Nervioso, avergonzado hizo ruido con la puerta y despertó a la joven mulata. Al advertir la sorpresa de la muchacha, que se tapó el cuerpo esbelto por instinto, el jurisconsulto atinó a balbucear:
                —¡Wawa!
                —Wawa —acotó ella con voz embelesa—. ¿Y usted?

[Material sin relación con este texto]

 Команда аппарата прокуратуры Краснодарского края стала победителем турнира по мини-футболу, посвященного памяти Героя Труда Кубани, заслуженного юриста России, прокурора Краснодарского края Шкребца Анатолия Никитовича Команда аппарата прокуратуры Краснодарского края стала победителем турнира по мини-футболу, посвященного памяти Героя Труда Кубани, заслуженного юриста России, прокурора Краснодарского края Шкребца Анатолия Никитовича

                —Permítame que me presente —encomendó su suerte con voz firme y musical mientras entraba a la alcoba y revoleaba el sacón.
                Una explosión de nervios, nudos en la espalda y calores se le vinieron encima a la Wawa. Ella respondió como un lince, como una presa huidiza que juega con su perseguidor, pero al cabo de unos bamboleos cedió entre besos y amarres.
                El jurisconsulto estaba pleno. El sudor tibio le corría por la frente colorada. Era una garúa hostil, pero liberadora. La Wawa lo sujetaba de la nuca, no había escapatoria. Era un viaje hasta el final.
                Y sin embargo, a poco de las cosquillas últimas, unos tiros lejanos desdibujaron aquel festín. Wawa abrió bien grandes los ojos, soltó con estrepito la nuca hirviente. Los dos se miraron, se alejaron. Más tiros y entraron a tiritar. Luego estallaron los gritos, los vivas, la alegría en masa.
                —¡Somos libres, hay Independencia para las Provincias Unidas! —aulló una voz cercana.
                Y tantas otras se encomendaron a ese mismo rezo.
                Wawa empujó a un costado al jurisconsulto. Los ojos le brillaron, una risa inmensa le dio vitalidad. Tomó su vestido y salió a las corridas por el patio.
                —Somos libres, ¡viva la Independencia!
                Boquiabierto, todavía en viaje, el jurisconsulto se agarró la cabeza, se tiró del pelo, abrió la boca enorme mientras se ponía de pie con los calzones bajos.
                —Somos libres, ¡puta madre, justo ahora somos libres! ¡Viva la patria, carajo! —gimoteó mientras una cosquillita panza abajo le liberaba toda la inquietud que acumulaba desde el comienzo de su tenso viaje independentista.